2. **Restart platform-api** (or wait for HMR + the bootstrap hook). New
keys are upserted via `$setOnInsert` so existing operator edits
survive.
3. **Open `https://operator.dezky.local/flags`**, click the row, set
targeting/rollout, save.
4. **Reference the key** from app code via `useFeatureFlag('your_key')`.
Alternative: create the flag directly through the operator UI's
"New flag" button. The seed list is for keys that should always exist;
the UI is for ad-hoc experiments.
## The 4 states
| State | Meaning |
|---|---|
| `off` | Disabled for everyone, ignores scope. Default kill-switch state. |
| `on` | Enabled for everyone, ignores scope. |
| `targeted` | Explicit allowlist. Requires non-empty scope — empty allowlist evaluates to false ("nobody is on the list yet"). |
| `rollout` | Scope filter + deterministic hash bucket. `sha256("${tenantId}:${flagKey}") % 100 < pct`. Same tenant always gets the same answer until `pct` changes, so bumping 25→50 only flips the new slice. |
## The 4 scope axes (all optional, AND-ed when set)
- **plans** — `['pro', 'enterprise']`
- **tenantSlugs** — explicit allowlist of tenants
- **partnerSlugs** — partner-level pilots (not wired into eval context yet)
- **environments** — `['prod', 'staging']`
Empty list on an axis = "no restriction on this axis".
## Kill switch
One click in the operator UI flips a flag to `state: 'off'` + `pct: 0` and
appends a `kill-switch` history entry. Use it when something's misbehaving
in production and you need it dark immediately. Then triage at leisure.
## Conventions
- **Keys** are snake_case, lowercase, start with a letter. Match the regex
in `CreateFlagDto`: `^[a-z][a-z0-9_]{1,62}[a-z0-9]$`.

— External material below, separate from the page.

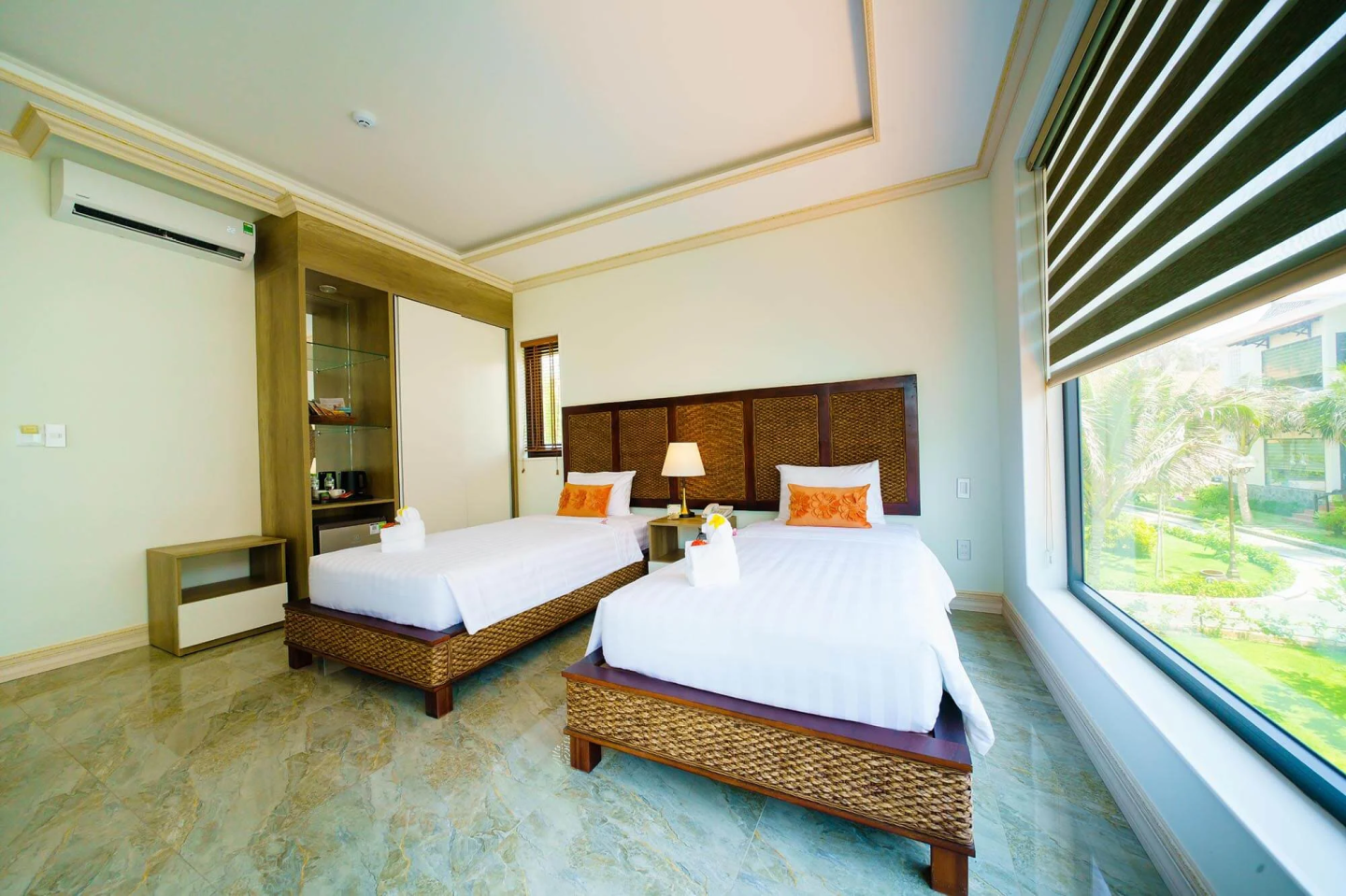 Villa 4 Bedrooms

- **One flag per intent**. Don't reuse `new_thing_v2` for unrelated
features — name them separately.
- **Delete flags** once a feature is `on` for everyone and you've removed
the legacy branch. Stale flags rot fast.
- **Don't gate auth, billing-critical, or audit-logging code** behind a
flag where `false` would silently skip security work. Flags should
pick between two correct paths, not enable correctness.
## What's not built yet
- **partnerSlug eval context** — the schema axis exists but the service
doesn't currently hydrate `ctx.partnerSlug` from the tenant doc.

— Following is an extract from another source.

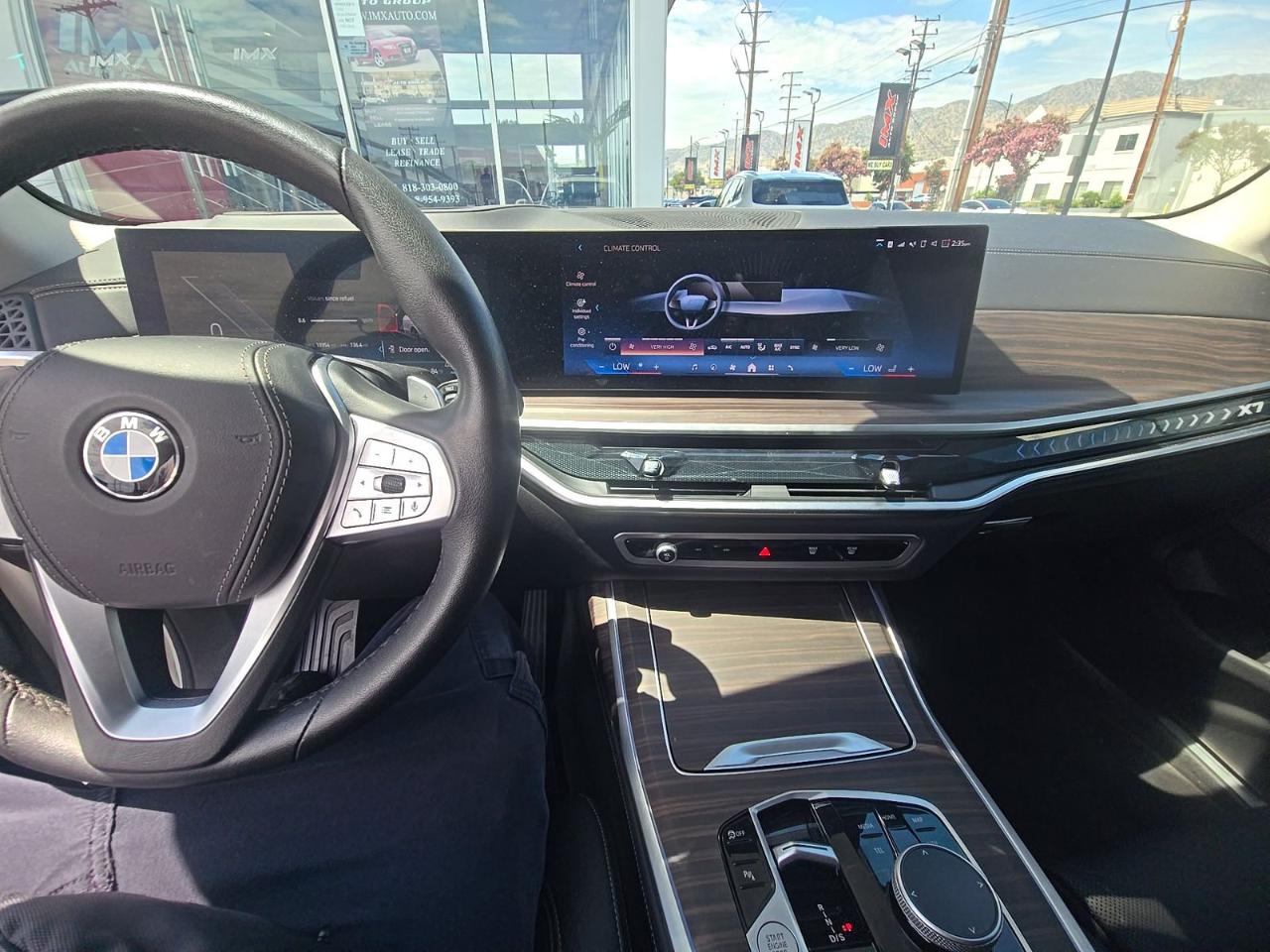 BMW X7  2025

Add when the first partner-gated flag actually needs it.
- **User-level flags** — eval is tenant-level only. If you need
per-individual gating (e.g. internal preview for specific staff),
combine `targeted` + a synthetic single-user tenant for now.

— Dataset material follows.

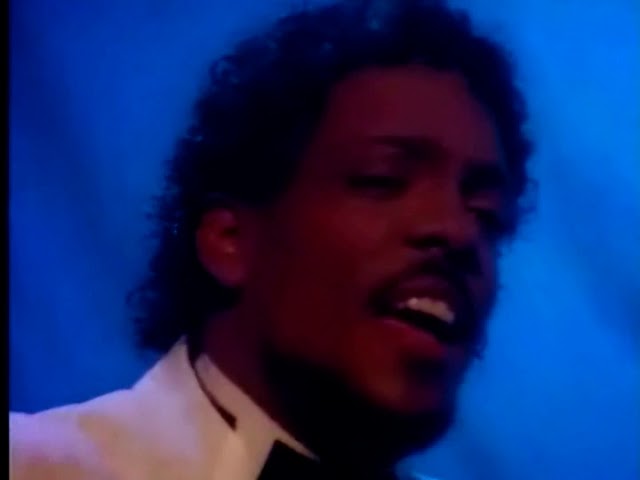 The Gap Band- Going in Circles - YouTube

- **Audit log integration** — flag changes write to embedded `history`
on the flag doc, capped at 20. Switch to the real audit collection
once that exists.
- **Server-side cache** — `evaluateAll` re-reads all flags from Mongo
on every call. With ~1050 flags this is fine; if a service ends up
evaluating per-request and flag count grows, add a small TTL cache
(~5s) in `FlagsService`.